(Caption-style text data)
[Start of section]
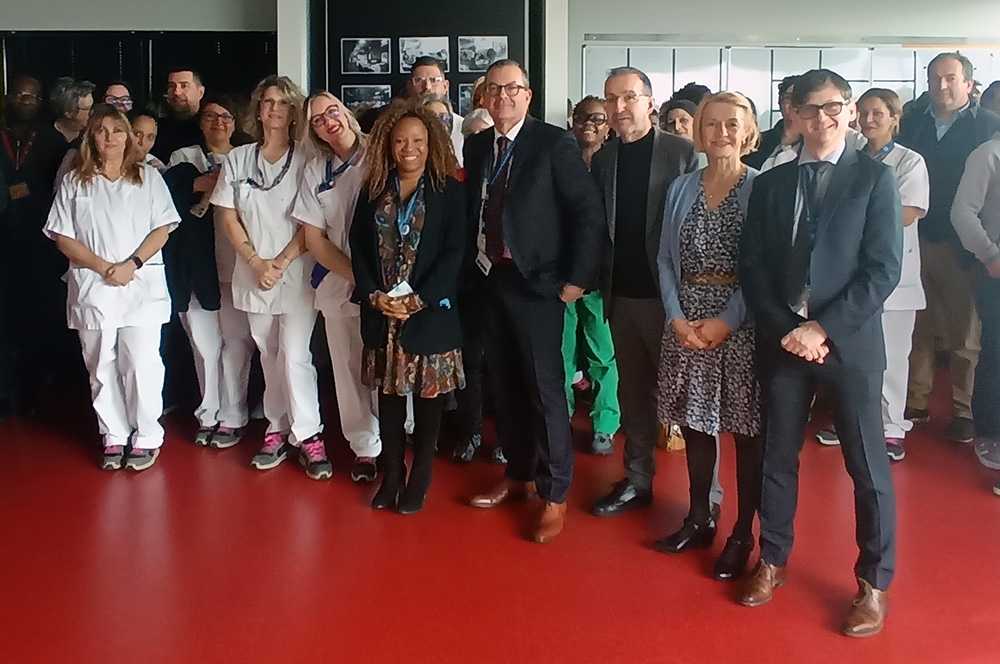 Photo de groupe lors des 10 ans de la blanchisserie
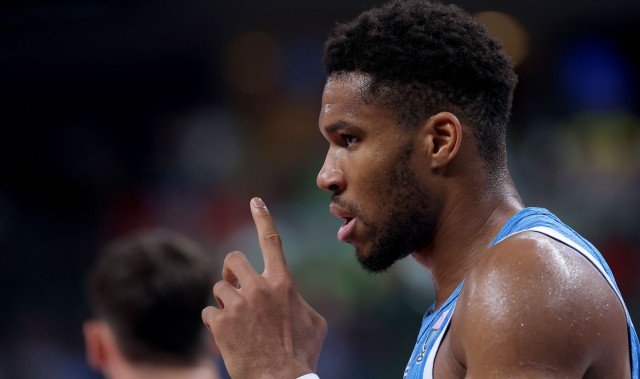 对字母哥的犯规没吹？土耳其主帅：希望裁判别漏吹他的进攻犯规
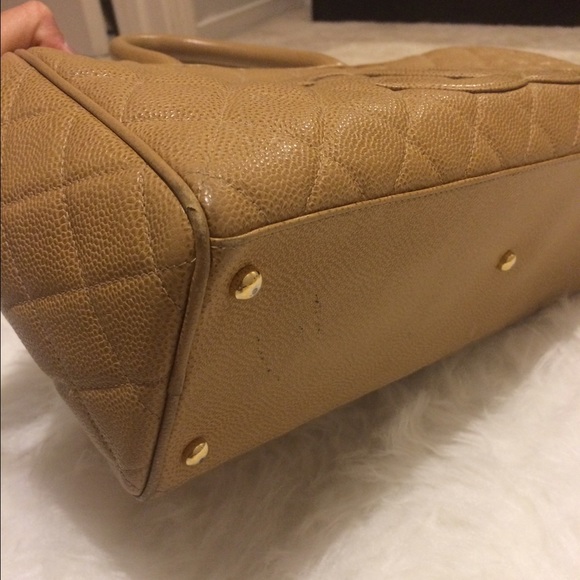 Chanel vintage bowling bag (more pics in closet) - Picture 3 of 4
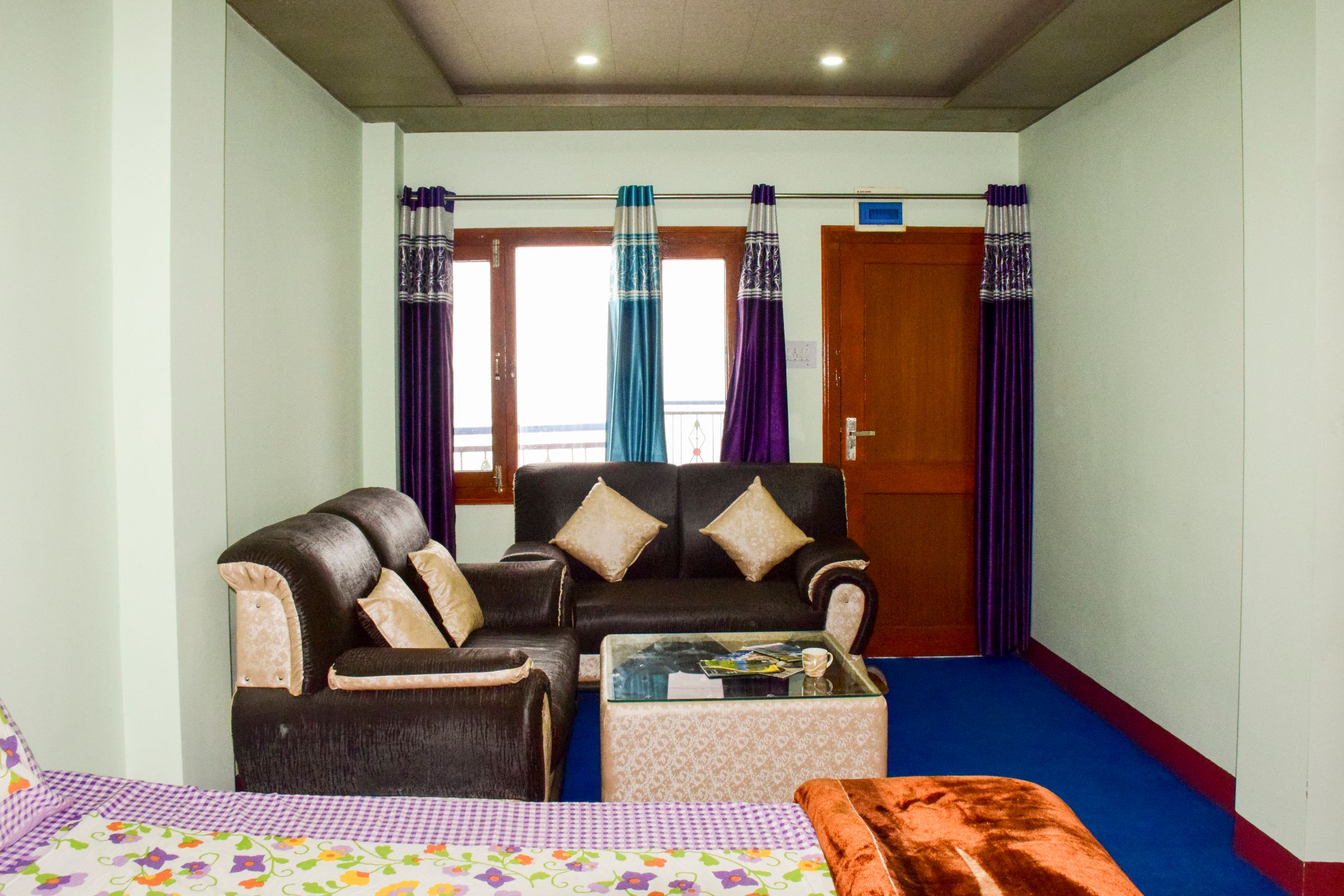 Param Anand Home Stay - Tap to explore photos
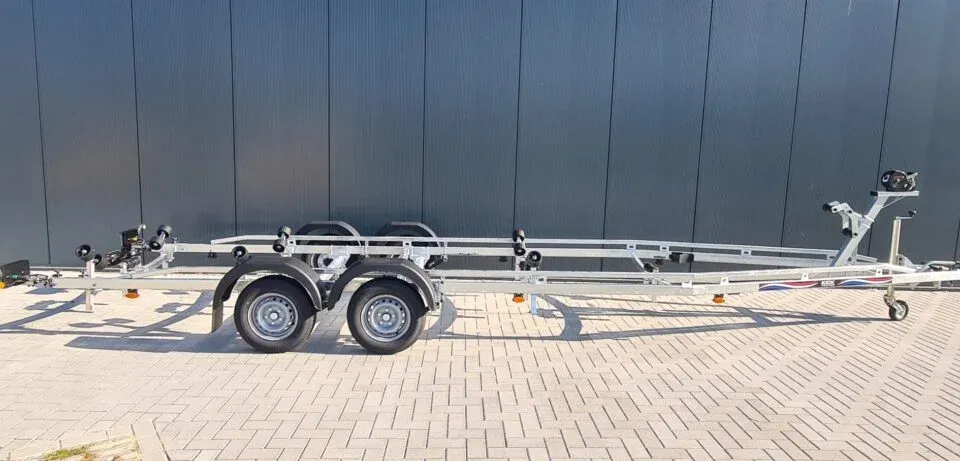 Kicktrailer KT2500 XXL LED 2026 – Geremd tot 8,5m - Foto 1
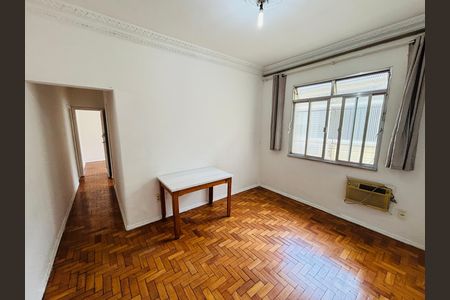 Apartamento à venda com 65m², 2 quartos e sem vaga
[End of section]
The copy should begin at the line containing "Chanel vintage bowling" and end at the last line of the data above; please restate those lines word for word without the pictures.

 Chanel vintage bowling bag (more pics in closet) - Picture 3 of 4
 Param Anand Home Stay - Tap to explore photos
 Kicktrailer KT2500 XXL LED 2026 – Geremd tot 8,5m - Foto 1
 Apartamento à venda com 65m², 2 quartos e sem vaga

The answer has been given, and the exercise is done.